For many girls and women, these sessions become the first spaces where questions around menstruation can be asked without embarrassment and where information replaces fear.
The movement today functions through grassroots leadership across states. The state chapters are led by Jalpa Vithilani in Maharashtra, Unnati Singh in Madhya Pradesh, Lubna Khanam in Uttarakhand, Shalini Singh in Uttar Pradesh, Rekha Bhargava in Delhi NCR, and Mamta Singh in Rajasthan.
Together, these teams have transformed the initiative from a centralized programme into a community driven movement rooted in local realities and sustained through local leadership.
What distinguishes the work of Humans for Humanity is that it recognizes menstrual health as something larger than a discussion about hygiene products.
It is a discussion about access.
It is a discussion about education.
It is a discussion about health.
It is a discussion about equality.
Increasingly, public health experts and global development conversations are recognizing that menstrual health is not a niche concern but an essential component of social progress and human dignity. The issue influences education systems, healthcare outcomes, economic participation, and gender equity across societies.
That broader recognition has also extended internationally to Chauhan’s work.

Anurag Chauhan became an ambassador for Menstrual Hygiene Day by WASH United, the Berlin headquartered organization leading advocacy efforts around menstrual health and hygiene worldwide. The recognition placed him among global voices working to advance conversations around menstrual dignity and equity.
Yet perhaps the most powerful measure of impact cannot be found in numbers alone.
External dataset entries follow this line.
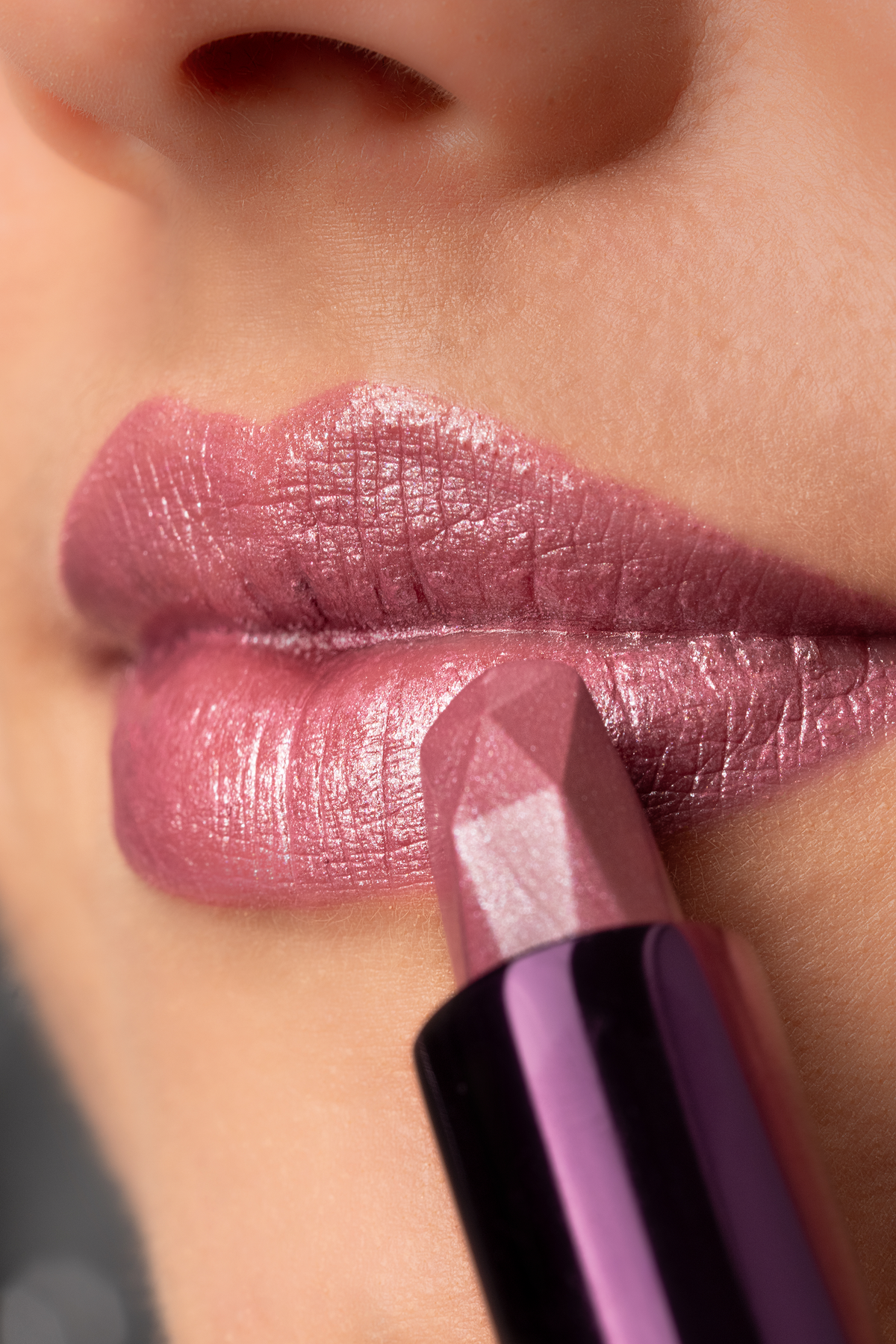 Video laden: Diamond Frost Lipstick Cranberry Ice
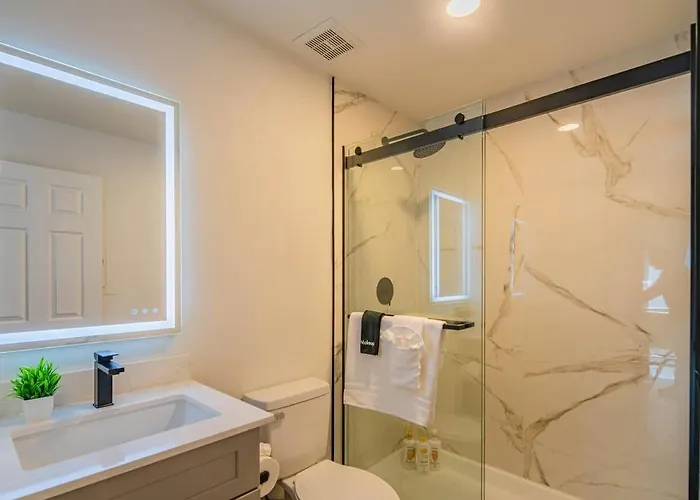 Apartment Rare King Bed Hot Tub Pool Golf Pickleball Parking Scottsdale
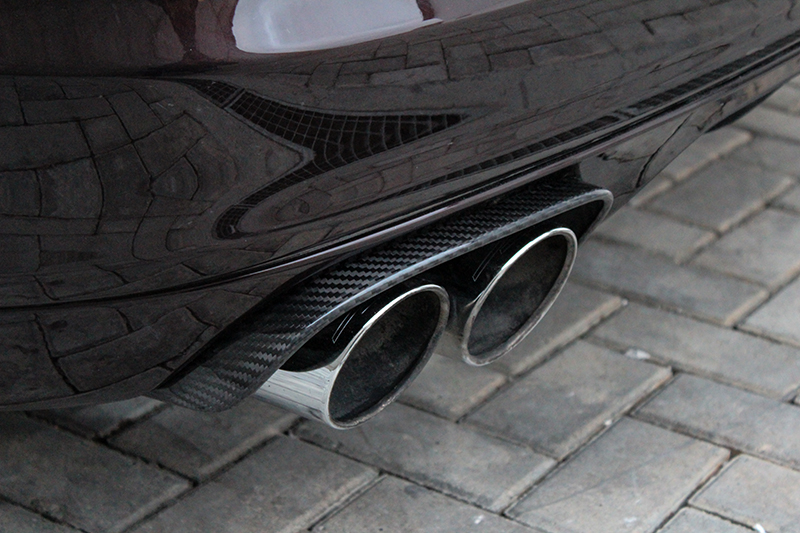 Carbon fiber Porsche Panamera exhaust frame trim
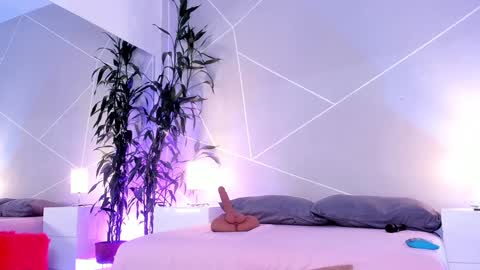 Snapshot of cristal_princess_ chatting on 01-15-25, 06:54 Cristal online show from 01-15-25, 06:54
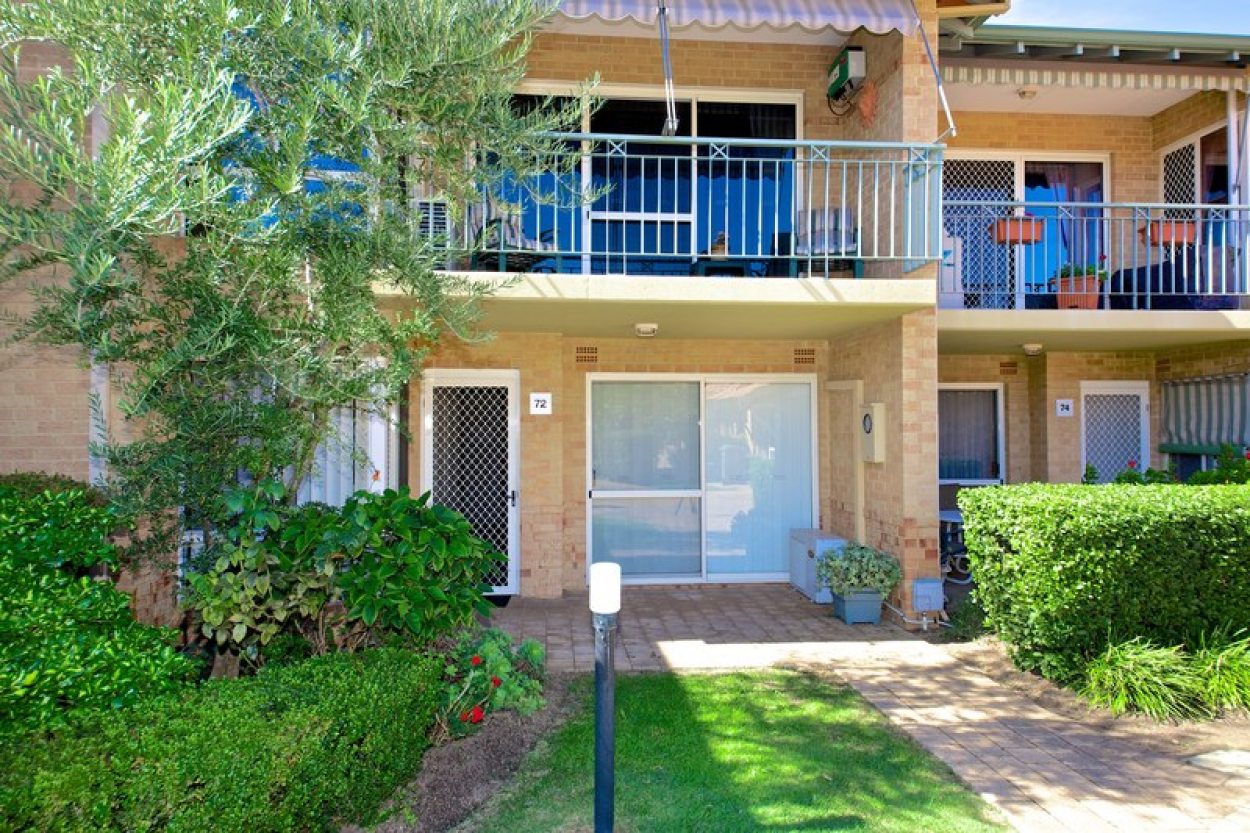 Fully renovated 2 bedroom, 1 bathroom villa., Woodvale WA retirement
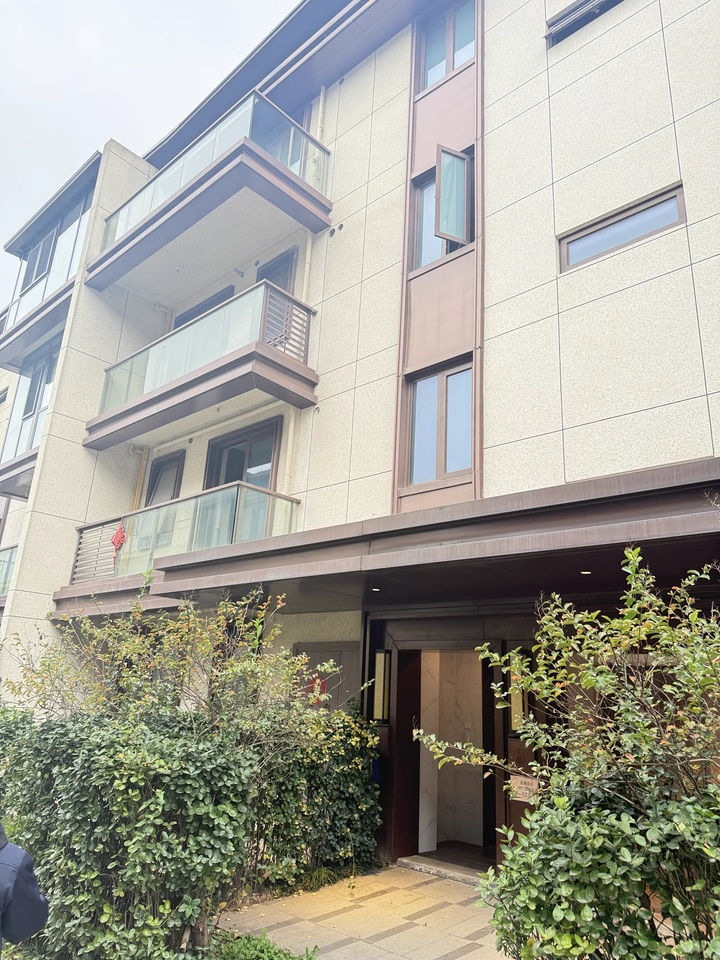 （上疊別墅 雙學位）綠地麓湖郡（麓湖山居）法拍房V-28棟302室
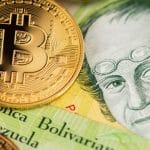 Imagem de notas de Bolívar e Bitcoin criptomoeda Banco Central BC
It exists in quieter transformations.
In the girl who no longer misses school because she has access to menstrual products.
In the mother who begins discussing reproductive health openly with her daughter.
In the father who no longer views menstruation as a source of shame.
In classrooms and communities where conversations once considered uncomfortable gradually become normal.
Social change rarely arrives through a single moment.
More often, it begins through people willing to enter difficult spaces and continue showing up.
For more than twelve years, Anurag Chauhan has continued to do precisely that.
Not by treating menstrual health as charity.
But by insisting that health, education, dignity, and access should never depend upon gender, geography, or income.
On Menstrual Hygiene Day 2026, the story of Humans for Humanity and the WASH Project serves as a reminder that the fight against period poverty is not merely about menstrual products.
It is about health.
It is about education.
It is about equality.
And ultimately, it is about human dignity.